## A Dialog Between a Teacher and a Thoughtful Student

Humbly submitted in the belief that not enough crayons have been used so far in this thread. A brief illustrated synopsis appears at the end.

*Student*: What does a p-value mean? A lot of people seem to agree it's the chance we will "see a sample mean greater than or equal to" a statistic or it's "the probability of observing this outcome ... given the null hypothesis is true" or where "my sample's statistic fell on [a simulated] distribution" and even "the probability of observing a test statistic at least as large as the one calculated assuming the null hypothesis is true".

*Teacher*: Properly understood, all those statements are correct in many circumstances.

*Student*: I don't see how most of them are relevant. Didn't you teach us that we have to state a null hypothesis $H_0$ and an alternative hypothesis $H_A$? How are they involved in these ideas of "greater than or equal to" or "at least as large" or the very popular "more extreme"?

*Teacher*: Because it can seem complicated in general, would it help for us to explore a concrete example?

*Student*: Sure. But please make it a realistic but simple one if you can.
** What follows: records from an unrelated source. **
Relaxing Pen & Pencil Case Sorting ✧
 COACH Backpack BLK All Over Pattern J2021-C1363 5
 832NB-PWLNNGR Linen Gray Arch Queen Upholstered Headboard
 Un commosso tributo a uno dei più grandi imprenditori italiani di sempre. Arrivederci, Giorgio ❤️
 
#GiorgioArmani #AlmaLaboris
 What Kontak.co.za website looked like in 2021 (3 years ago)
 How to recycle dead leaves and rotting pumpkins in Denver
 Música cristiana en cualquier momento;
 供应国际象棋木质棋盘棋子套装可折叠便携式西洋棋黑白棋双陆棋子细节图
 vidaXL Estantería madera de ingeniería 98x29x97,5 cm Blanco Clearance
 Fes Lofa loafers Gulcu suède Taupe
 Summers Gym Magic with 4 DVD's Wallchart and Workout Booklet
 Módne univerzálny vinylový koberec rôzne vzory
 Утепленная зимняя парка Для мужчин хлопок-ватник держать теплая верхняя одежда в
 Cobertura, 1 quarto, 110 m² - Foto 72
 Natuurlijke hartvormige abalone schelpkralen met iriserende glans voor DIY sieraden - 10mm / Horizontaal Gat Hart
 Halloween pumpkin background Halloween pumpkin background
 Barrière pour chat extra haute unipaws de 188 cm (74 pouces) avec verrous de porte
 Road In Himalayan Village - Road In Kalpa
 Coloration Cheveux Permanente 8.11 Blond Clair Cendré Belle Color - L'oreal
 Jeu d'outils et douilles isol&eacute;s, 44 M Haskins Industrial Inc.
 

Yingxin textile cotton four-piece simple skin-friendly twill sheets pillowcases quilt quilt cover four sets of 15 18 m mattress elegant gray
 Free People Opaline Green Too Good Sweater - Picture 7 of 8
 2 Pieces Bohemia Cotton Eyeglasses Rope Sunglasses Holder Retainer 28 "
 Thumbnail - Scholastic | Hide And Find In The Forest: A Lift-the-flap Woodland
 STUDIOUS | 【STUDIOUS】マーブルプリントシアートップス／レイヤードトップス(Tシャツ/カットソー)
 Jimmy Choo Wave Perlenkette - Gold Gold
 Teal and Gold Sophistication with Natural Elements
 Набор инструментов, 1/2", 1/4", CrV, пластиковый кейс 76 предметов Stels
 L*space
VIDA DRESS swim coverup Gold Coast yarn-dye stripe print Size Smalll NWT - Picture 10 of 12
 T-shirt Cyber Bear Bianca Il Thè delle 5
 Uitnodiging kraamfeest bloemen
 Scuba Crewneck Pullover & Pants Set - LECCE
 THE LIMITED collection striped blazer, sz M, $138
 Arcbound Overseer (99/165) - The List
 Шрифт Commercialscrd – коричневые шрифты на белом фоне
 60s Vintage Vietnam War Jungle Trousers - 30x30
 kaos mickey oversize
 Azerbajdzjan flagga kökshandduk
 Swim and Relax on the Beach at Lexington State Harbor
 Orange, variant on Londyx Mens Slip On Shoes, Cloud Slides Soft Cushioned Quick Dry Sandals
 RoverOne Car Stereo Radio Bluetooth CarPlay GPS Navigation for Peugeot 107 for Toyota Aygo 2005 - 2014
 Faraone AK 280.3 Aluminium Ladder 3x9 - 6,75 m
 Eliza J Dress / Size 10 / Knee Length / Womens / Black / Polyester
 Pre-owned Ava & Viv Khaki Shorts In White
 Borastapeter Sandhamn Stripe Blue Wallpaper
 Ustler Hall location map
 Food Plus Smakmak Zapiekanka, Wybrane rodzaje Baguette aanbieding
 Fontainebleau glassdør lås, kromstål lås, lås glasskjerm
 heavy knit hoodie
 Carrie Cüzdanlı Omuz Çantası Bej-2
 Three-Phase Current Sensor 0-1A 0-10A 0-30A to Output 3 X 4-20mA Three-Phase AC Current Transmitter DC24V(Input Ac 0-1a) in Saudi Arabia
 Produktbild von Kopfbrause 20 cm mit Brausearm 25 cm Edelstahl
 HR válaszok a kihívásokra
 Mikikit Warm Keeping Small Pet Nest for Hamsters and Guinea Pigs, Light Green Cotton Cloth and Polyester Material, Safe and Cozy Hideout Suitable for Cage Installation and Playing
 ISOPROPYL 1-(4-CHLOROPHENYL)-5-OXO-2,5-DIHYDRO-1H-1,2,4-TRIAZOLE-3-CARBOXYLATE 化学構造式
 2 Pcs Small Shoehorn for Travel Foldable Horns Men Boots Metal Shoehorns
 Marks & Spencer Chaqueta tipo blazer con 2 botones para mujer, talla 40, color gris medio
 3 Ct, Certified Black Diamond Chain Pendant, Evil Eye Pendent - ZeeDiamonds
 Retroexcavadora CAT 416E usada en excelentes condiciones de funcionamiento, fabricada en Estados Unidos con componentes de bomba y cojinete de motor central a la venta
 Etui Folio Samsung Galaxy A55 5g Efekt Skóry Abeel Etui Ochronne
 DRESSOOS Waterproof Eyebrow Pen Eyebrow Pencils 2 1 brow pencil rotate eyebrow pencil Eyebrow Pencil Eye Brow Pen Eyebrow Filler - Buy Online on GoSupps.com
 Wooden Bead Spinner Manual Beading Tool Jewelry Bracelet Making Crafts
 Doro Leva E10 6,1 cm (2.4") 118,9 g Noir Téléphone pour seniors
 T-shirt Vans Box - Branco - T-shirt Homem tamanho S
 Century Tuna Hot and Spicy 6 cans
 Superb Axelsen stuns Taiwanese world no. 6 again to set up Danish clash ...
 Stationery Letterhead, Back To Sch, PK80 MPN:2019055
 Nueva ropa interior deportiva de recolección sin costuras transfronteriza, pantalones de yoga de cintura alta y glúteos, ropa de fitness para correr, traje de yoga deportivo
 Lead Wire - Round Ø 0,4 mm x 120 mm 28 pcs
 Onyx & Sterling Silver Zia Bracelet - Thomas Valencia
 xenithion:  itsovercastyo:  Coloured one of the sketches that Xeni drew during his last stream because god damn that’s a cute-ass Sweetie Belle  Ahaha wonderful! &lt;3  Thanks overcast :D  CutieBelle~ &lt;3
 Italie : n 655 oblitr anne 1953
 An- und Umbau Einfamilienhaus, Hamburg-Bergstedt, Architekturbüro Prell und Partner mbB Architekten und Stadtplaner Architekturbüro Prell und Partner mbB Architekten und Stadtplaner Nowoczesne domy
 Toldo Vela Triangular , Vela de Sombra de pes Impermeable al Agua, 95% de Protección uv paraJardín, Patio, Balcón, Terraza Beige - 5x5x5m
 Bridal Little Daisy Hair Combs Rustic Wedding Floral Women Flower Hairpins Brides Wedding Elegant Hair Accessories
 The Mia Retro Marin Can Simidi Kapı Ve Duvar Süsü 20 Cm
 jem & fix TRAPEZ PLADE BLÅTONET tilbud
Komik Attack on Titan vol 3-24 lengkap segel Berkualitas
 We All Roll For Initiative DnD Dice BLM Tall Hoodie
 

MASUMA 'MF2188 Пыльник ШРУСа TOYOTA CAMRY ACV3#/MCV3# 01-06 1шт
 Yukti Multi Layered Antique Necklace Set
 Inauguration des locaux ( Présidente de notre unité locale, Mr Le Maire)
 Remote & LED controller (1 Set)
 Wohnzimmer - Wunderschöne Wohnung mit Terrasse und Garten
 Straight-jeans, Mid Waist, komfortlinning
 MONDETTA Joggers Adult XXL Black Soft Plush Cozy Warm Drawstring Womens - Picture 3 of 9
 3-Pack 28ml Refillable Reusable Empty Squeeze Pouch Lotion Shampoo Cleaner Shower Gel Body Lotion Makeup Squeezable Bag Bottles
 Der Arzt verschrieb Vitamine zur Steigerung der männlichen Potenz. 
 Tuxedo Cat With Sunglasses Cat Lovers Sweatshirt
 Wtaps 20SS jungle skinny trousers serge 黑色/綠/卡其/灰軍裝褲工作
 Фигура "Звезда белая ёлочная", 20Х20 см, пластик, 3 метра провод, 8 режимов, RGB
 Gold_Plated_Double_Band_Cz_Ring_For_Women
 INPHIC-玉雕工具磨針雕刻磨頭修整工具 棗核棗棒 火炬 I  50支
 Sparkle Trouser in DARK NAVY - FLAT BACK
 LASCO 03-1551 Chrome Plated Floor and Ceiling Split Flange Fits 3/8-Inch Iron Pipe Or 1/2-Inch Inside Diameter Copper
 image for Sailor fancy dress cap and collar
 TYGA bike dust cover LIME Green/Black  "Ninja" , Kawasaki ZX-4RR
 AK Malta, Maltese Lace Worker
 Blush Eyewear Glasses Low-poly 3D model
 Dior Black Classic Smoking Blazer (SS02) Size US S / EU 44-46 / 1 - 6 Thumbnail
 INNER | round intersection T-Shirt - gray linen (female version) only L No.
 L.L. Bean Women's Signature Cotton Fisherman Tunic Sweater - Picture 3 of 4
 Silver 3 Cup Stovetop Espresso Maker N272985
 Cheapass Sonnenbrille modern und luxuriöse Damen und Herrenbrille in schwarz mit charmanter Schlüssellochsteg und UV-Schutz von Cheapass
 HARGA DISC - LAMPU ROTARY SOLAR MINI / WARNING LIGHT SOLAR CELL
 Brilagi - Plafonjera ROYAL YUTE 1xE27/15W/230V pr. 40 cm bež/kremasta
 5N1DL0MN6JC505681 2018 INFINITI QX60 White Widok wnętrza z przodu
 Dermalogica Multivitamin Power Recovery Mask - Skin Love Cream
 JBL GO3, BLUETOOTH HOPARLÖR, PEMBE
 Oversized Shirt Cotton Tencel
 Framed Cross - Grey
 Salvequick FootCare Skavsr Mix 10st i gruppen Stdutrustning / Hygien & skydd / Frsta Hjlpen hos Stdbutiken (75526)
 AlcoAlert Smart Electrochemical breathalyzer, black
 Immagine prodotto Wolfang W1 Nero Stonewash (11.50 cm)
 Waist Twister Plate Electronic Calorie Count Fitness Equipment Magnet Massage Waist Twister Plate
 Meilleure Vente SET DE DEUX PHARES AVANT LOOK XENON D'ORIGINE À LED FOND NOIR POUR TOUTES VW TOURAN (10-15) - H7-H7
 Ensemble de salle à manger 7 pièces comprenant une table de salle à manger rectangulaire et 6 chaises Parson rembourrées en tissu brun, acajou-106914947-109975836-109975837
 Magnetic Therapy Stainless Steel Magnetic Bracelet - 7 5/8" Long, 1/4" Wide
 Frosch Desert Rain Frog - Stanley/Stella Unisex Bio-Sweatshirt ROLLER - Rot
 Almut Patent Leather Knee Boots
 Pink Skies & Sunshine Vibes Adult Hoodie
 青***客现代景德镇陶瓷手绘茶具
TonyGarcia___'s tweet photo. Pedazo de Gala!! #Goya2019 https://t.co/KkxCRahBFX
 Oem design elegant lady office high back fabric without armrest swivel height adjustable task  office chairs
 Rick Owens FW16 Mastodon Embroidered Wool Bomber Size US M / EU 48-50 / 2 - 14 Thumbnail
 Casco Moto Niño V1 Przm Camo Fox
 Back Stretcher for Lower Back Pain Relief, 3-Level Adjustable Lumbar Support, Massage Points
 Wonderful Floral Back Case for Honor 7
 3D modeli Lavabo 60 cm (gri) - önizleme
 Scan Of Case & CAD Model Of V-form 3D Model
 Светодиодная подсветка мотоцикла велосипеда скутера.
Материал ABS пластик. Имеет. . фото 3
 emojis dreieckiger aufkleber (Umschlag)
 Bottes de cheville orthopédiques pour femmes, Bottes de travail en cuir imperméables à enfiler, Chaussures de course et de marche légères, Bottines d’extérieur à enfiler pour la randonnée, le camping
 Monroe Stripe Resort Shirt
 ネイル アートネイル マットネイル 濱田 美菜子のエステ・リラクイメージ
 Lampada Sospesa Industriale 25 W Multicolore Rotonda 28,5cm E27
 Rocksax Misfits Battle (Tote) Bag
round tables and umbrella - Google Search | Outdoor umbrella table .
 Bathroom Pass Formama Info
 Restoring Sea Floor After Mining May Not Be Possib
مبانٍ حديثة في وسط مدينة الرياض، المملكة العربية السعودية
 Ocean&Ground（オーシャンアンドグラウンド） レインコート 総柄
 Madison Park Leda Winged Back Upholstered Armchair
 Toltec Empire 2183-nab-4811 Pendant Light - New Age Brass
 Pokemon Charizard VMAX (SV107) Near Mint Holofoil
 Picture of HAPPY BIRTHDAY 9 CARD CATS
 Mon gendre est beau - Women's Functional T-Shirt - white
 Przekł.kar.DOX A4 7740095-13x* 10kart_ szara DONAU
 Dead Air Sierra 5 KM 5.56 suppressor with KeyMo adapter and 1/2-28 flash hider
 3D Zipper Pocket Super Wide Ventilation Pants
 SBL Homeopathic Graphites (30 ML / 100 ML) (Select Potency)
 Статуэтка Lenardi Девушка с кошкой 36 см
*Teacher*: This theory of hypothesis testing historically began with the need of astronomers to analyze observational errors, so how about starting there. I was going through some old documents one day where a scientist described his efforts to reduce the measurement error in his apparatus. He had taken a lot of measurements of a star in a known position and recorded their displacements ahead of or behind that position. To visualize those displacements, he drew a histogram that--when smoothed a little--looked like this one.

*Student*: I remember how histograms work: the vertical axis is labeled "Density" to remind me that the relative frequencies of the measurements are represented by *area* rather than height.

*Teacher*: That's right. An "unusual" or "extreme" value would be located in a region with pretty small area. Here's a crayon. Do you think you could color in a region whose area is just one-tenth the total?

*Student*: Sure; that's easy. [Colors in the figure.]

*Teacher*: Very good! That looks like about 10% of the area to me. Remember, though, that the only areas in the histogram that matter are those between vertical lines: they represent the *chance* or *probability* that the displacement would be located between those lines *on the horizontal axis.* That means you needed to color all the way down to the bottom and that would be over half the area, wouldn't it?

*Student*: Oh, I see. Let me try again. I'm going to want to color in where the curve is really low, won't I? It's lowest at the two ends. Do I have to color in just one area or would it be ok to break it into several parts?

*Teacher*: Using several parts is a smart idea. Where would they be?

*Student* (pointing): Here and here. Because this crayon isn't very sharp, I used a pen to show you the lines I'm using.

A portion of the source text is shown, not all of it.